When I finally made the choice to end it, I had to do so without thinking about what I’d be missing. Sometimes, it’s fairly obvious and depressing about what will no longer be there when the relationship is gone. Hand holding, cuddling, late night chats, and being with someone who loves you – these are wonderful things. It’s nice to have someone love you, right? We all want that to some extent – to be accepted, loved, and thought about. These aspects are comforting, and can make it hard to let go.
But those aren’t really what relationships are about – at least, not for me anyways. But unfortunately, I didn’t always think like that. I had a very selfish and narrow view of what a relationship should be. It should look like what I had. Two “nice” people coming together, saying cute things, making each other smile. But nothing was ever mentioned to me about being ready for a relationship. No one ever told me that I had to love myself before letting someone else try to love me.

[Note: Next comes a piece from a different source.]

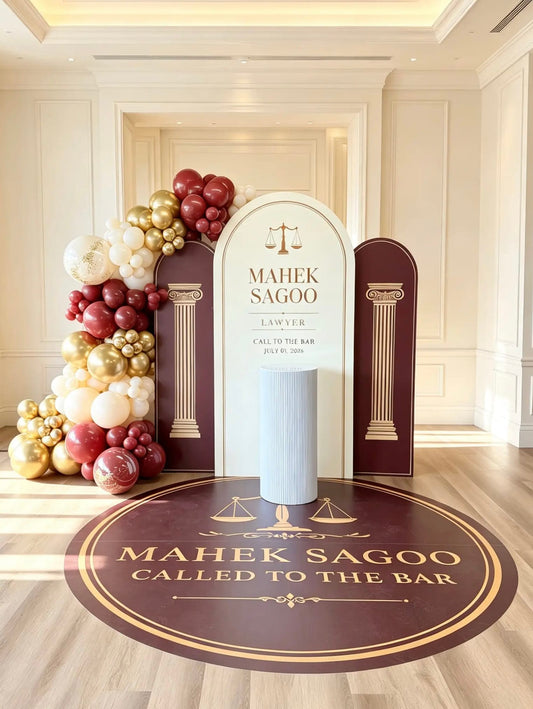 Called to the Bar celebration backdrop with burgundy, ivory and gold balloons, personalized law-themed panels, floor graphic and cake table.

Even with an amazing and caring individual by my side, ready to move across the world to be with me, I didn’t feel complete or even good. Maybe that has something to do with him not being the “right” person, but I don’t really believe in soul mates. What I do believe in is timing and circumstance. I don’t really think breaking up had to do with him as much as it had to do with myself. The problem wasn’t the other person. The problem was with me, and how I felt about myself.

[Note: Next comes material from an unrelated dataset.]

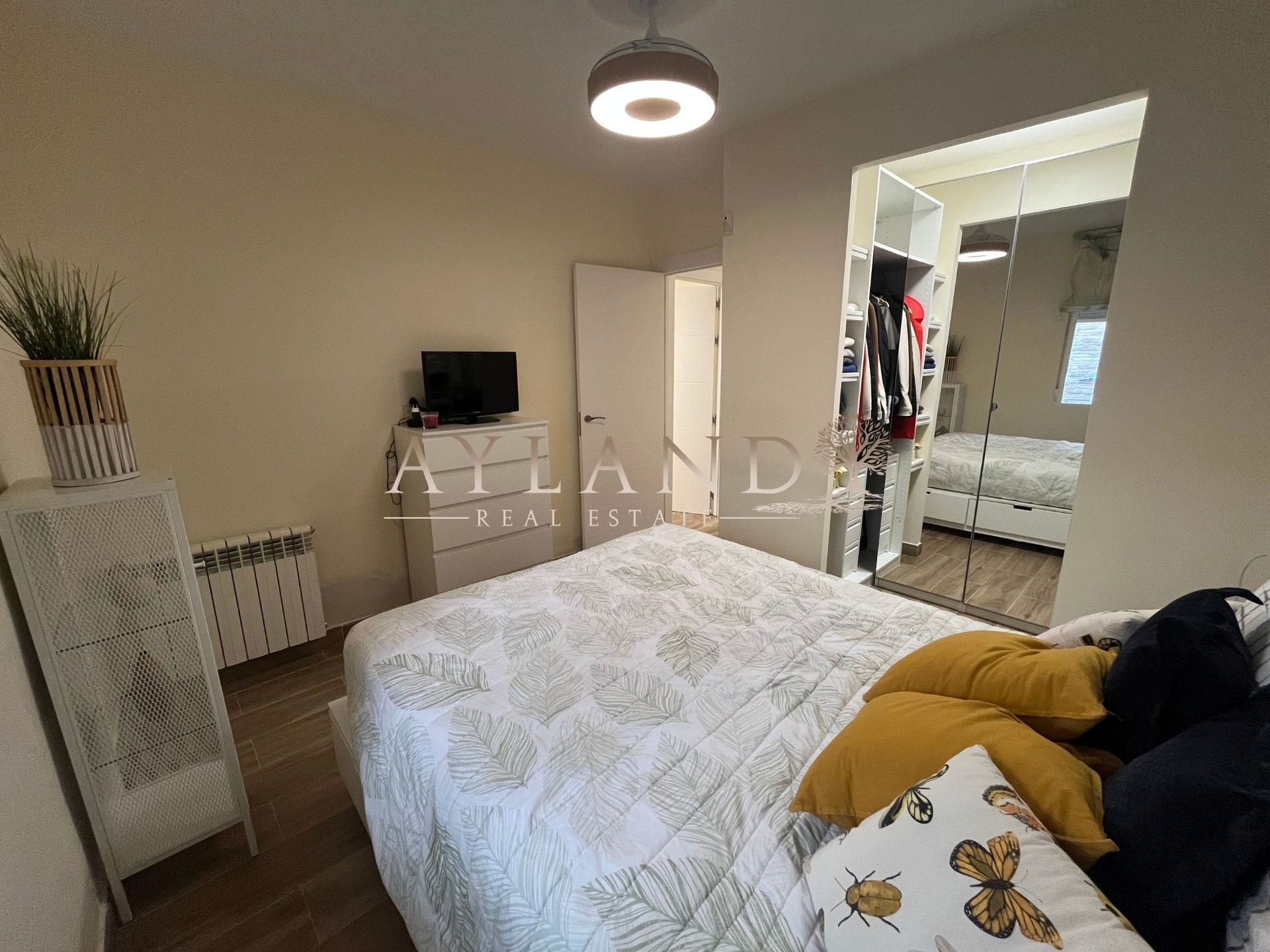 Dormitorio con armario de puertas de espejo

Being in a relationship requires me to love and care for another person, not just receive that love. I will admit that in my past relationships, especially the most recent, I loved the person I was with. I wanted to make his life better and help him along the way, but I had a hard time letting him do the same for me. I wasn’t happy with his attempts to help me or comfort me or love me. I think that in his mind, he tried everything he thought would make me happy. And instead of accepting that, I rejected it. Sometimes I even made him feel bad about it. It was awful, and I regret those moments.
And this went on for years. Of course there are details I haven’t included, and instances that made me realize that this wasn’t what I wanted for my life. I don’t think there was a problem with the people I dated. No deal breakers or anything like that. It just happens that one person actually doesn’t really make you “whole.” Turns out, only you can do that. I have met and dated a number of people who are just kind and wonderful, but it was never good enough. Not because of them, but because of myself. I even began dating another wonderful person shortly after I broke up with my boyfriend. I didn’t really think much about it at first, but then I noticed the same patterns of unhappiness. I only knew the good of this person, so I couldn’t blame his personality or annoying habits for my unhappiness. It was really then that I started to notice the pattern, and I’m choosing to recognize it and deal with it rather than ignore it.

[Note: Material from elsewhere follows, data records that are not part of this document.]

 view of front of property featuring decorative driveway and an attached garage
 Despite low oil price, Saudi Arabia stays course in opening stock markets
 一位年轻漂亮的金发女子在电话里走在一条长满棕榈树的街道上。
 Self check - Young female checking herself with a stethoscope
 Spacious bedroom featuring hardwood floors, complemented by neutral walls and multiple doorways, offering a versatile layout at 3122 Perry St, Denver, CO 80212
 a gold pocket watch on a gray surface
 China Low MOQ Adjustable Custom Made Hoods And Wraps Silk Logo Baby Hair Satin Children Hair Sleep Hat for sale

Another person can’t make me feel incredible if I don’t believe it myself. Ultimately, that’s what I’m trying to work on now. I truly don’t think that whether I feel good about myself or not has to do with being in a committed relationship. At least, it shouldn’t. That individual could be absolutely wonderful, but I’m trying to focus on being happy with myself. I don’t want to blame another person for my unhappiness; I know I’m capable of being content without someone else’s help. Of course, sometimes circumstances don’t make it easy – but I think that being happy with who I am, and if not, making changes to become the individual I’d like to be, is key before venturing into another relationship.